Centrar recursos en los más jóvenes

Van pasando las semanas y las medidas de confinamiento empiezan a relajarse. Habrá que estar pendientes, en todo caso, de posibles repuntes, a la vista de lo observado en otros países. Pero sin restar un ápice de gravedad a la emergencia sanitaria, que aún sigue presente, comienzan a vislumbrarse más nítidamente los costes económicos y, por ende, sociales del escenario al que nos enfrentamos. Y, en este sentido, la generación «millennial», la de aquellos nacidos en la década de los ochenta, se enfrenta, de nuevo, a las peores consecuencias. Es urgente, pues, situar en el objetivo de las políticas públicas a esta generación, ante el riesgo de abrir una fractura social con largo impacto en nuestra sociedad.

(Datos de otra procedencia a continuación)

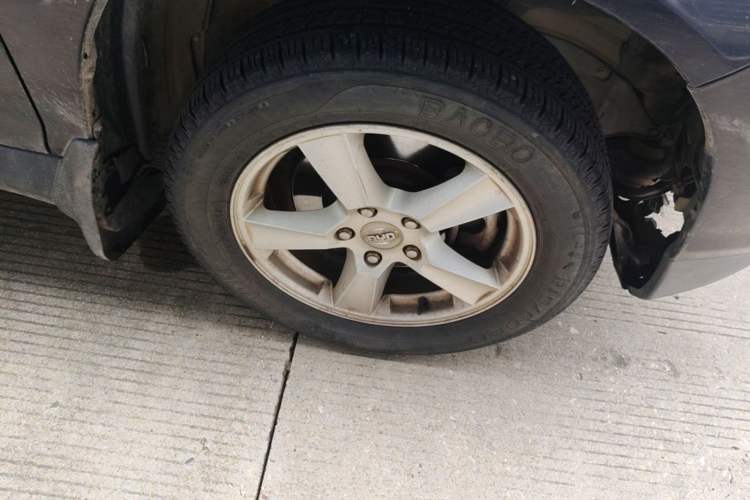 Used BYD S6 2013 Jingyue Edition 2.0L Manual Luxury Model 5 Seats Right Front Wheel Hub
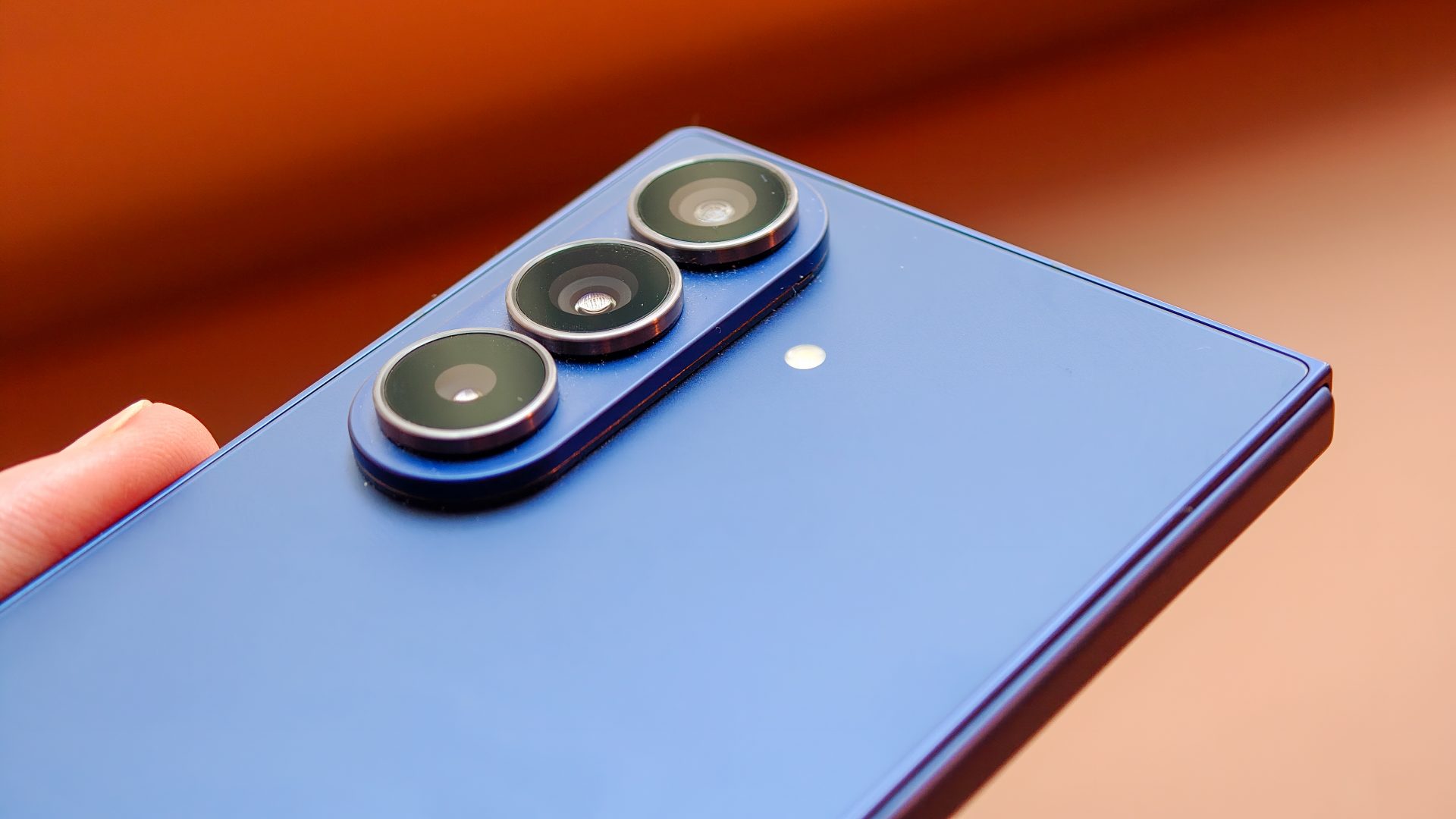 Samsung Galaxy S26 и жалкие 25 Вт: почему долгожданное обновление зарядки станет главным разочарованием картинка Samsung Galaxy S26 и жалкие 25 Вт почему долгожданное обновление зарядки станет главным разочарованием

El inicio de la crisis financiera global en 2007-08, que luego fue de Deuda pública en la eurozona a partir de 2010, redujo la renta per cápita de nuestro país más de un 10 por ciento, caída que obviamente no sufrieron todos los españoles de igual modo. Mientras las generaciones más adultas resistieron razonablemente, con el apoyo del sistema público de pensiones, los más jóvenes no disponían de modelos de protección a su alcance. Ni siquiera el sistema de desempleo pudo cubrir las necesidades básicas, en la medida que la incorporación al mercado laboral de esta generación se realizaba fundamentalmente a través de contratos temporales, sin apenas costes de despido y menores prestaciones. A la pérdida de trabajo se unieron en muchos casos problemas severos con algunos gastos comprometidos, véase hipotecas, que dieron lugar a situaciones muy dramáticas. Una generación que ni siquiera ha visto los rendimientos positivos de la educación, de los que pudimos disfrutar los que ya pasamos de los 40.

A su vez, la falta de recursos impactaba en los niños nacidos en esos años de unas recién formadas familias jóvenes que iniciaban la andadura profesional con contratos precarios y endeudamientos, con frecuencia muy elevados, dada la burbuja de precios inmobiliarios previos a la recesión. Es cierto que el sostenimiento de las pensiones ayudó en muchos casos a mantener también a estas familias jóvenes, vía solidaridad intrafamiliar privada, pero hemos de reconocer que el sector público no estuvo a la altura de las circunstancias.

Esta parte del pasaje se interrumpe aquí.